On 12/28/2011 08:57 PM, Craig White wrote:
On Wed, 2011-12-28 at 07:43 -0600, Johnny Hughes wrote:
There have been NO critical kernel updates. A critical update is one where someone can remotely execute items at the root users.
Almost all critical updates are Firefox, Thunderbird, telnetd (does anyone still allow telnet?), or samba (never expose that directly to the internet either :D). There was one critical issue on CentOS-5.x for exim:
http://rhn.redhat.com/errata/RHSA-2010-0970.html
All the other issues (non-critical) will require the user to get a "user shell" and then elevate their privileges some way
perhaps he is referring to RHSA 2011:1245 http://lists.centos.org/pipermail/centos/2011-September/118075.html
which CentOS was very slow in getting the update out the door but as you said, it was labeled 'important' and not 'critical' and of course concerned apache and not kernel.
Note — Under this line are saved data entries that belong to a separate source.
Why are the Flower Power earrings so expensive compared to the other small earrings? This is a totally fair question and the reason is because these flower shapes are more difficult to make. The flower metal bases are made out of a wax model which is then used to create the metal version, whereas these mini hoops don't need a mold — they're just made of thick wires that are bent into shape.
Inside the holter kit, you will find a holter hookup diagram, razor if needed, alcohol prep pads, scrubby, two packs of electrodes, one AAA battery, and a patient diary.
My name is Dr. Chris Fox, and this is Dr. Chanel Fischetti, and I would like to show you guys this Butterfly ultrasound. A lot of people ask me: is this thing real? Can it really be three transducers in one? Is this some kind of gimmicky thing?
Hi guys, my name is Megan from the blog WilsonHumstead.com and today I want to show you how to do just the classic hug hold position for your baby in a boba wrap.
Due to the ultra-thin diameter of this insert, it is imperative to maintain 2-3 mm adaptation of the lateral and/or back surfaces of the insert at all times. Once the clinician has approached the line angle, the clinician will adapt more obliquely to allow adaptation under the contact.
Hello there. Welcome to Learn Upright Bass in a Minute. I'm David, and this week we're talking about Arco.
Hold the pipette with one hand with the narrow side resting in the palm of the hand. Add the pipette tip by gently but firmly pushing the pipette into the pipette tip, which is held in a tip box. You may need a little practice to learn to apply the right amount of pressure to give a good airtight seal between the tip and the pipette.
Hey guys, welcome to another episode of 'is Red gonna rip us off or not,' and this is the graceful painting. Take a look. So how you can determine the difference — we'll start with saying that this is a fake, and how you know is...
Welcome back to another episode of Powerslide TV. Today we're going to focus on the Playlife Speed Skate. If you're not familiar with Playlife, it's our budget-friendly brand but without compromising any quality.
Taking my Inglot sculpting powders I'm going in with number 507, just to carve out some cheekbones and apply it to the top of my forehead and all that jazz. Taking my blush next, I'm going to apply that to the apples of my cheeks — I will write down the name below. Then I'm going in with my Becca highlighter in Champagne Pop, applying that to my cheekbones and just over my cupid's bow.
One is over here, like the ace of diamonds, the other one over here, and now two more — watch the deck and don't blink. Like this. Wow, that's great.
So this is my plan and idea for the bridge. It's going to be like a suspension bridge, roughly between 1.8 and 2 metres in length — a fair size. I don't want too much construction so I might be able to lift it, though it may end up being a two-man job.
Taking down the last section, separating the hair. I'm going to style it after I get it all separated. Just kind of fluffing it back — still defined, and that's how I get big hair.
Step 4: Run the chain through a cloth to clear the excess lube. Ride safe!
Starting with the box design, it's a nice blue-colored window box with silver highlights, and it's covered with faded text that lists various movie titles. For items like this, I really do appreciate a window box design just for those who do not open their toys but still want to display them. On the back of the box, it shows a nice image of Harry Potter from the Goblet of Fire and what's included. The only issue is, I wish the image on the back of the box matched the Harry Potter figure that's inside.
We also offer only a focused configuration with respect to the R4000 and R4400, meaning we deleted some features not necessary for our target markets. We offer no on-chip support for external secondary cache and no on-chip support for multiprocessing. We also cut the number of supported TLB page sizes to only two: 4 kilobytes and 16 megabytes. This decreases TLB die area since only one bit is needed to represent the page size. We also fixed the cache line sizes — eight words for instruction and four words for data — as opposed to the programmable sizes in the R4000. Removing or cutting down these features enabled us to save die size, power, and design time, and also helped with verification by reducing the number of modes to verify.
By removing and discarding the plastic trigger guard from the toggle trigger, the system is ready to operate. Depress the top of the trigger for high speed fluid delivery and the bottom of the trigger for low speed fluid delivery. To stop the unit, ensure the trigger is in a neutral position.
That flaw as absolutely no "access" component. It allows a DDOS attack, not provide remote access to a machine.
From the bug:
A flaw was found in the way the Apache HTTP Server handled Range HTTP headers. A remote attacker could use this flaw to cause httpd to use an excessive amount of memory and CPU time via HTTP requests with a specially-crafted Range header. (CVE-2011-3192)
How is that relevant to allowing access to someone's server.